While the directors of the six Indian Institutes of Management hammer out a solution to evolve a consensus on the fee cut issue, a uniform fee structure across all the six IIMs might not be favourable, but a fee structure for needy students will be common across the institutes.
The IIM Controversy: Complete Coverage
It is not clear whether the financial package offered by the government will be acceptable to all the institutes considering that the institutes are at "different development stages", according to sources at IIM Kolkata.
The smaller IIMs at Indore, Lucknow and Kozhikode will have a greater dependence on the government unlike those at Ahemdabad, Bangalore and Kolkata, who are "not averse" to the idea of supporting themselves if the government directs them to do so.
Sources also said the bigger IIMs had the option of funding through alumni associations or their corpus funds, which were greater than that of the smaller institutes.

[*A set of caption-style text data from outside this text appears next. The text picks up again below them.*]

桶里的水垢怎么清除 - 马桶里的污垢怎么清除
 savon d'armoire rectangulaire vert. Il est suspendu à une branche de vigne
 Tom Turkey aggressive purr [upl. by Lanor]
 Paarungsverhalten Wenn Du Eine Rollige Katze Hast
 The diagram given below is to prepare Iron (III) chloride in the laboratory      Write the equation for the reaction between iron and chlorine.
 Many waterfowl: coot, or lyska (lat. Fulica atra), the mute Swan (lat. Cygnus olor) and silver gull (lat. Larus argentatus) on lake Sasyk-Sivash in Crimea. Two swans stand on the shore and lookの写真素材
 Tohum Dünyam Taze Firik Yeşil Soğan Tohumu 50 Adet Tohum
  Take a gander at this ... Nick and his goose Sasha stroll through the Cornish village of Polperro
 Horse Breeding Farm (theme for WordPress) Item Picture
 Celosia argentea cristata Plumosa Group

A uniform fee structure might not be suitable considering the price differential across the institutes, sources added.
Meaning that a student eligible for all the IIMs might prefer the one which offers the course at a lower cost assuming that the IIM was a "brand" in itself cutting across all the six institutes.
There is a "gap" in terms of financing patterns, expenditure priorities, which cannot be bridged between the two groupings simply because the bigger ones have existed longer than the new ones. The institutes were governed by different dictates, it might not be possible to have a common uniform fee structure, said sources.